Global
Arrays
Extending the ACTS
Toolkit with the Shared Memory Programing Model
Objective
The ACTS Toolkit project combines
strengths of multiple programming tools and environments designed for the
development of application codes that address complex, multidisciplinary
scientific and technical problems faced by DoE. The Global
Arrays (GA) shared memory NUMA programming model has been proven effective
in the development of scalable and efficient application
codes in several areas relevant to the DoE mission: such as quantum
chemistry, molecular dynamics, thermochemistry and in other application
domains.
The purpose of this project
is to further extend the capabilities of the Global Arrays package to address
needs of computational chemistry, molecular dynamics, and ground water
flow modeling applications, and integrate GA with other components
of the ACTS toolkit. The primary new capability of GA required by the applications
are the multidimensional global arrays. In addition, the library has to
be supported and optimized on the new hardware platforms as they become
available.
Approach
Funding
and Personnel
The project received funding
at the 0.75 FTE level and it was started in FY'98. The personnel includes
Jarek Nieplocha (PI), Joel Malard, and Jialin Ju (all PNNL).
Technical
Approach
The GA toolkit traditionally
offered a shared memory programming model in the context of the 2-dimensional
distributed arrays. The core functionality was based on the underlying
one-sided communication capabilities of GA. They were implemented in a
platform specific manner and tuned for the communication patterns in the
distributed 2-D arrays.

Based on the input received
from the existing applications and tools as well as anticipating future
developments required by the SSI (primarily in the combustion area), it
became clear that the specificity of the one-sided communication engine
in GA has became an obstacle to the expandability of the library. Therefore,
a new portable, flexible and efficient communication library was created
-- able to support arbitrary dimensional arrays as well as sparse data
structures. This library is called ARMCI
(Aggregate Remote Memory Copy Interface) and it is optimized for noncontiguous
data transfers predominantly used in many scientific calculations. ARMCI
is compatible with MPI-1 but it differs in
several key aspects from the MPI-2 one-sided communication standard.

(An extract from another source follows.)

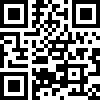 https://khabaronline.ir/xfhYD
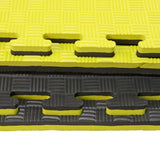 1 Pz Tatami M2 o piso para artes marciales, 2cm de Grosor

Changes in the Architecture of the Global Arrays Toolkit
The Global Array library
has been rearchitected to:
Interoperability
The activity in this area has
been motivated by our understanding of the application needs. In particular,
interoperability with PADRE and A++/P++ is expected to be very important
for the combustion codes that would require coupling of grid based CFD
codes (A++/P++) and quantum chemistry codes (GA). In addition, the GA application
developers have been asking for language support in the GA shared memory
programming model. We established collaboration with the PCRC
HPspmd project that also aims to provide language extensions to Fortran,
C++, and Java consistent with the GA model.
Performance and Portability
Performance and scalability
of the GA applications relies on the efficiency of the one-sided communications
in Global Arrays (and now in ARMCI). To achive the best possible performance,
a significant component of this project has to be devoted to the platform-specific
performance tunning, especially on the MPP distibuted-memory platforms.
We established a close collaboration with IBM and have been able to influence
the design of their one-sided communication subsystem (LAPI)
on the IBM SP computer.
Recent
Accomplishments
New
capabilities
Applications
Both the number of applications
and application areas have been expanded since this project was started.
An example of a new application area is the processing of data from the
electron microscopy (University of Houston).
During last year the package
was downloaded by developers of applications in other new areas as well
(astrophysics, signal processing, DoD applications) but it is to early
determine if it will be actually useful for their purposes.
Recent improvements in performance
of the GA locking operations have greatly improved scalability of the COLUMBUS
MRCI code that had been parallelized with GA before. The new scalability
curve for this code on the IBM SP is shown here.
Publications
-
J. Nieplocha, B. Carpenter,
"ARMCI: A Portable Remote Memory Copy Library for Distributed Array Libraries
and Compiler Run-time Systems", to appear in Proc. of 3rd Workshop on Runtime
Systems for Parallel Programming (RTSPP)
of the International Parallel Processing Symposium IPPS'99, 1999.
-
H. Dachsel, J. Nieplocha, RJ
Harrison, "An Out-of-Core Implementation of the COLUMBUS Massively Parallel
Multireference Configuration Interaction Program", Proc. SuperComputing'98
(The SC'98
Best Overall Paper Award), 1998.
Plans
for FY99
Ports and optimizations of the
ARMCI one-sided communication library:
take advantage of the shared
memory on the SMP nodes of the IBM SP to bypass the unnecessary active
message communication within SMP nodes,
exploit new capabilities in
the next version of LAPI, the IBM Active Message library (a beta version
already available at PNNL under a collaboration agreement with IBM),
port to MPI-2,
performance tuning on all the
supported platforms,
ports to new platforms as requested
by the users.
Development of the nonblocking
communication operations in ARMCI and GA.
Development of the collective
array operations on arbitrary sections of multidimensional arrays.
Interoperability with PADRE
and P++.
Interoperability with Tau.
Official release of the version
3.0 of GA (including the multidimensional arrays).
Tool
Availability
There are currently four distribution
channels for the GA package:
direct
internet download from the GA homepage,
included in the distribution
code of some GA applications,
downloaded with the High
Performance Virtual Machine (HPVM) communication package for clusters
(GA is a component
of HPVM) supported by the University of Illinois at Urbana Champaign and
the University of California at San Diego, and
by contacting the developers.
The package has been in public
domain since 1994 and it has been distributed at the average rate of 20
downloads/month from its internet site. From 1994 until April 1998, GA
was distributed from an anonymous ftp server. Since April 1998, all the
internet downloads have been automatically recorded in an Oracle database.
The GA toolkit has been distributed
with NWChem, a large computational chemistry package developed on top of
GA. NWChem has been installed at 150 sites.
The development version of
multidimensional GA has been available by contacting the developers. It
was distributed to:
LLNL (collaboration with PADRE)
University of Lund, Sweden
University of Syracuse
Argonne National Laboratory
Application developers at PNNL
(for development of an computational fluid dynamics code, and molecular
dynamics area - an implementation of the Carr-Parrinello
method )